In the 1960s, limited facilities at the training base prompted Israeli Navy to hold drills in Malta as Naval Combat exercises couldn't be held at the training base. With the passage of time, the facilities were gradually improved and helped to strengthen up the Israeli Navy before the Yom Kippur War.

===Evacuation attempts===
At the end of the 1990s, the Haifa Administration wanted to promote a plan for the construction of a marina in Bat Galim . Environmental activists opposed the plan, which included drying up an extensive sea area, for the purpose of construction that would finance the construction of the marina.
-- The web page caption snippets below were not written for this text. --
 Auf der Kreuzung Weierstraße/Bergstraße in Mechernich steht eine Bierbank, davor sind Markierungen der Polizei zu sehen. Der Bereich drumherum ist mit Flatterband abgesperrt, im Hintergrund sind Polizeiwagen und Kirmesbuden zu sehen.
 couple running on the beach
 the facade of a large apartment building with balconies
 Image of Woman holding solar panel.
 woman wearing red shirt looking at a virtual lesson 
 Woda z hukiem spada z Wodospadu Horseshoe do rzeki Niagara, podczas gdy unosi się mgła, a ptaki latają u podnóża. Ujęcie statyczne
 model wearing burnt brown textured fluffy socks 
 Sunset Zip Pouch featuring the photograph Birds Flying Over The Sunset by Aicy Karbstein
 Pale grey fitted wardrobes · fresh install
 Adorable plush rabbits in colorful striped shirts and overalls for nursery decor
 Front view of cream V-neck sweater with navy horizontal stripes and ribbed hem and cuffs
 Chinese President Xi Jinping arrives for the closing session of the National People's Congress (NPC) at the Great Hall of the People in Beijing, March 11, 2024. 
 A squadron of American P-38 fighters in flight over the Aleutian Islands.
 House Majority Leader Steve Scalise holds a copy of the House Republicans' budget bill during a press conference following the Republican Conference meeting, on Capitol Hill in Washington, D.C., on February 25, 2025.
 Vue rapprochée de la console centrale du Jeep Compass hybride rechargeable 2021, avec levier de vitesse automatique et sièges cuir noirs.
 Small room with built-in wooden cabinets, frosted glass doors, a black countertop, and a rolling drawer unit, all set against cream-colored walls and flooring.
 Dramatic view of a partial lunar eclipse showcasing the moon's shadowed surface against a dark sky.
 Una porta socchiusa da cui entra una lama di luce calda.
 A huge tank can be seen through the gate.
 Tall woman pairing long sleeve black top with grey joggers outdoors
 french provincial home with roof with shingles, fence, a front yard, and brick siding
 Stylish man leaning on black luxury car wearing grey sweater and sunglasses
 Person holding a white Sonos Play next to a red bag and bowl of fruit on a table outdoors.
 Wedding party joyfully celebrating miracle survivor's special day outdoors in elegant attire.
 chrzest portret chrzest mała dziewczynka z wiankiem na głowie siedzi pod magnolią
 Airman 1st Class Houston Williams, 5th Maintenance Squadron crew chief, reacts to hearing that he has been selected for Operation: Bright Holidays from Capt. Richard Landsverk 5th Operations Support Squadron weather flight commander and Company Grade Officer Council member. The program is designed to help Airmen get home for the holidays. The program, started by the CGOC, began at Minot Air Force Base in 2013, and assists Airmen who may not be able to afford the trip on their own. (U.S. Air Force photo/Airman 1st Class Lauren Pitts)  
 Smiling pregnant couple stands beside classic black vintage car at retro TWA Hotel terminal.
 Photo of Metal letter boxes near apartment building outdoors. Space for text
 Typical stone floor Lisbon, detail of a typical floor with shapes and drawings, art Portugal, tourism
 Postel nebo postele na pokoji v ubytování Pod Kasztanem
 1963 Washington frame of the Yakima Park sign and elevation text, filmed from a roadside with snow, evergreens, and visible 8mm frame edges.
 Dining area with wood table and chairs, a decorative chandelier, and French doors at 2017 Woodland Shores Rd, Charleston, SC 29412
The Society for the Protection of Nature proposed an alternative plan that included the evacuation of the base and the construction of a marina in the area opposite to it, which was not accessible to the public. In January 2003, the Israel Land Administration also presented a plan for the development of Bat Galim that included the evacuation of the base. In May 2008, local authorities approved the construction of a neighborhood of 1,000 housing units in the base area. However, the plan did not go into effect, as the Ministry of Defense refused to sign an agreement to evacuate the base. In 2015, the plan was transferred to the National Committee for the Planning and Construction of Preferred Housing Complexes, with the hope that its rapid advancement would serve as leverage to renew negotiations with the Ministry of Defense, but it did not advance the plan.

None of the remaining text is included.